Sanofi Heart Medication Contaminated?|賽諾菲心臟藥"心達舒"冒黑點 緊急回收

Multinational pharmaceutical company Sanofi was at the center of an impure flu vaccine scandal in 2018. This year, there are issues with its heart medication Tritace. The Food and Drug Administration recently received a report that a portion of 10-milligram Tritace capsules have black spots on them, and believes an entire batch may be tainted. The FDA has asked the pharmaceutical to recall all products from that batch before Jan. 9.


The Food and Drug Administration was recently notified about possibly contaminated 10-milligram Tritace capsules manufactured by multinational pharmaceutical Sanofi. The administration has asked the company to recall all products with the batch number U322 and submit an investigative report.

Perhaps (a worker) accidentally cut his pinky on machinery and the blood got into the capsules.

Tritace, which is prescribed for high blood pressure and heart failure and must be taken regularly, has a 45 percent market share in Taiwan. An estimated 47,000 packages containing 1.3 million capsules from the contaminated batch have already been sold. One doctor says the drug has a long history in Taiwan but there are alternatives patients can take. However, patients should not stop taking the medication without consulting their doctor first.
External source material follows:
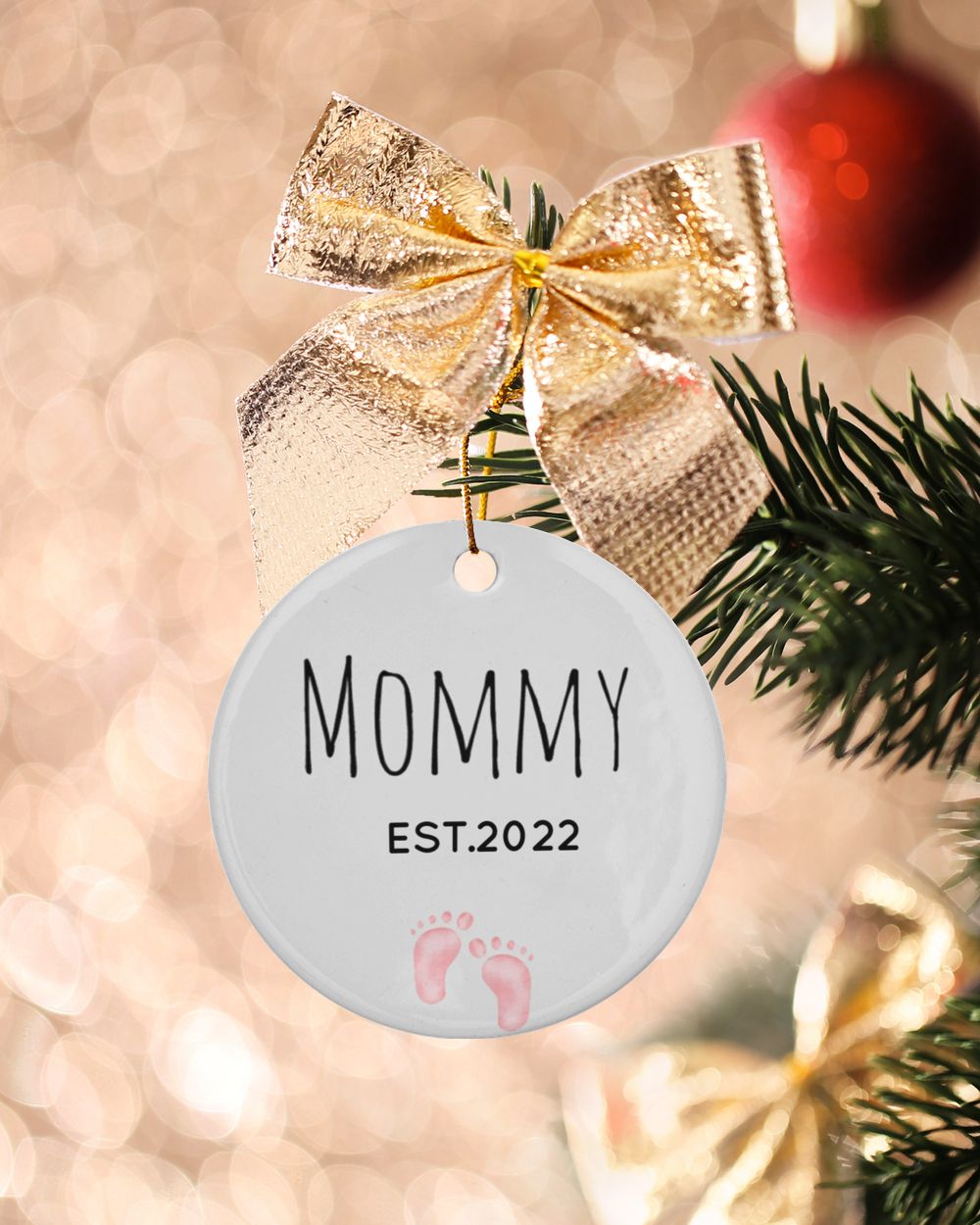 Personalized Custom New Mom Mommy Baby Ceramic Ornament Porcelain Ornament - Circle white one-sided __single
There are newer alternatives available, so it is actually used less and less in clinical trials. There is no cause for concern. Patients should not stop taking the drug without consulting their doctor. If you stop taking it all of a sudden, your blood pressure could spike.

The administration says it has already asked hospitals and clinics, drug suppliers, and pharmacies to stop using the product and a recall is underway. It is unknown as of now how many of the contaminated capsules have already been ingested. Sanofi says there is little risk of infection from consuming dried blood and concerned patients can return their medication to hospitals or take it to a pharmacy for recycling.



就是這款國際知名藥廠賽諾菲、製造生產的心臟病藥「心達舒」10毫克錠劑，遭食藥署查獲，有部分錠劑外觀出現黑點，疑似有異物混入，因此要求藥廠從即日起，立即回收該批號U322問題藥品，並繳交調查報告。

食藥署簡任技正 黃琴喨表示：「可能是他們(作業員)在操作的當中，不小心被機器割破，一個小手指的一個小傷口，然後血液滲到藥錠裡面。」

食藥署表示，這款藥品主要用於高血壓、心肌梗塞後的心衰竭等，需定期服藥控制的疾病，全台市占率約45%，同批號藥品，約有4萬7千多盒，有130萬顆已售出；而醫師則表示，這款藥品在台灣上市很久，因副作用會口乾舌燥，臨床上有替代藥物，民眾若有疑慮，可回診跟醫師討論，千萬不要自行停藥。

台安醫院心臟內科醫師 林謂文表示：「已經開始有新型的藥物去取代它，所以它其實在臨床上，現在使用量是越來越少，民眾也不用過度擔心，有些使用這個藥物，也不要冒然的停藥，因為有可能會造成血壓會反彈性變高。」

食藥署強調，已請各醫療院所、藥商及藥局，立即停止調劑這款藥品，並進行回收作業，到明年1月9號為止，因此到底有多少顆問題藥品，已被民眾給吃下肚，還要等藥廠送交調查報告才知道。而賽諾菲則發聲明強調，評估因誤食乾燥血液而感染疾病的風險低，若病患對藥品有疑慮，可退回醫院或藥局回收。